Launched in the mid-1970s, Rasna soon became a staple at birthday parties. Three decades later, the soft drink concentrate market is still dominated by Rasna — the ₹600 crore company has a 97% market share (see: Full to the brim). And in the era of multi-litre PET bottles of colas and cartons of juice, Khambatta insists the segment is still growing at over 20% each year. “We are the market and it will take a lot to beat us,” he confidently says. 

But then, the 20% growth is driven by rising rural consumers rather than from its traditional clientele, urban households. Rural market now contribute a third to sales and are growing in excess of 30% while urban sales are growing only by 10-12% per annum. One option to propel growth could be to scale up its presence in smaller towns aggressively, but Khambatta isn’t taking that route. “We will increase our presence in rural areas slowly, however we, don’t want to expand too rapidly because distribution costs can spiral out of control very quickly,” he says. 

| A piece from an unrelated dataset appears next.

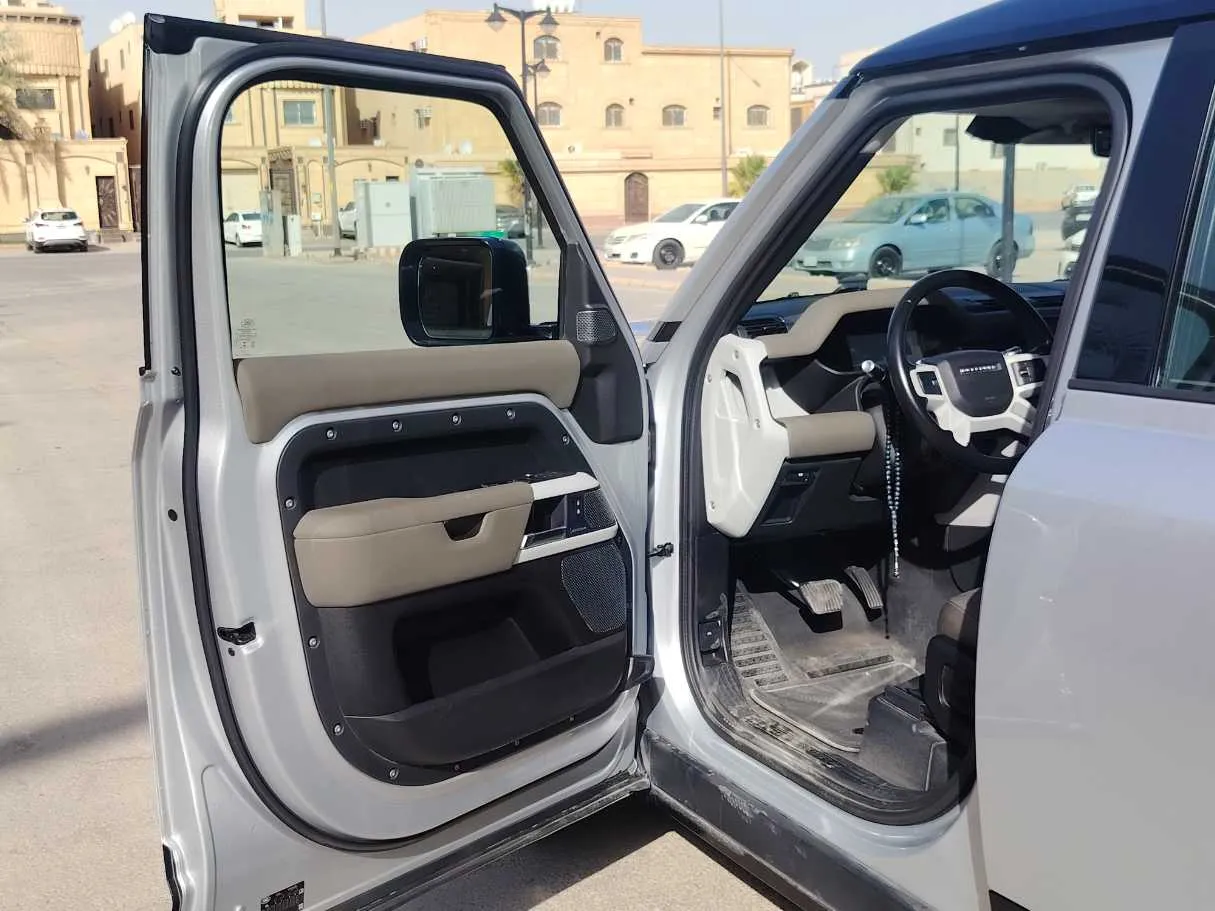 Car image 11
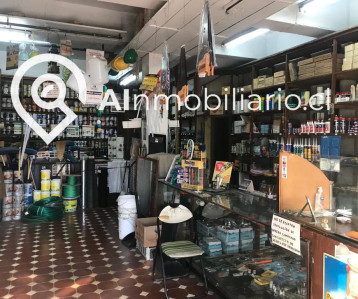 Vista del interior de la ferretería en Francisco Bilbao, con una amplia variedad de productos y suministros para el hogar y la construcción.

Right now, Khambatta is focusing on taking Rasna outside its comfort zone and making a mark in new categories like squashes and energy powder drinks. He’s also planning on positioning Rasna’s offerings in the already overcrowded nutrition and health platform. What does this mean for Brand Rasna and can it succeed in this very challenging space?

Sweet success

Rasna’s success in the 1980s hinged on a simple strategy: transfer the cost of sugar — which accounted for 60% of the cost of flavoured drinks — to consumers. Households could thus decide how sweet they wanted their drink, making the product affordable. Advertising that reiterated the value-for-money (VFM) proposition — 32 glasses from every pack — helped consolidate Rasna’s position. 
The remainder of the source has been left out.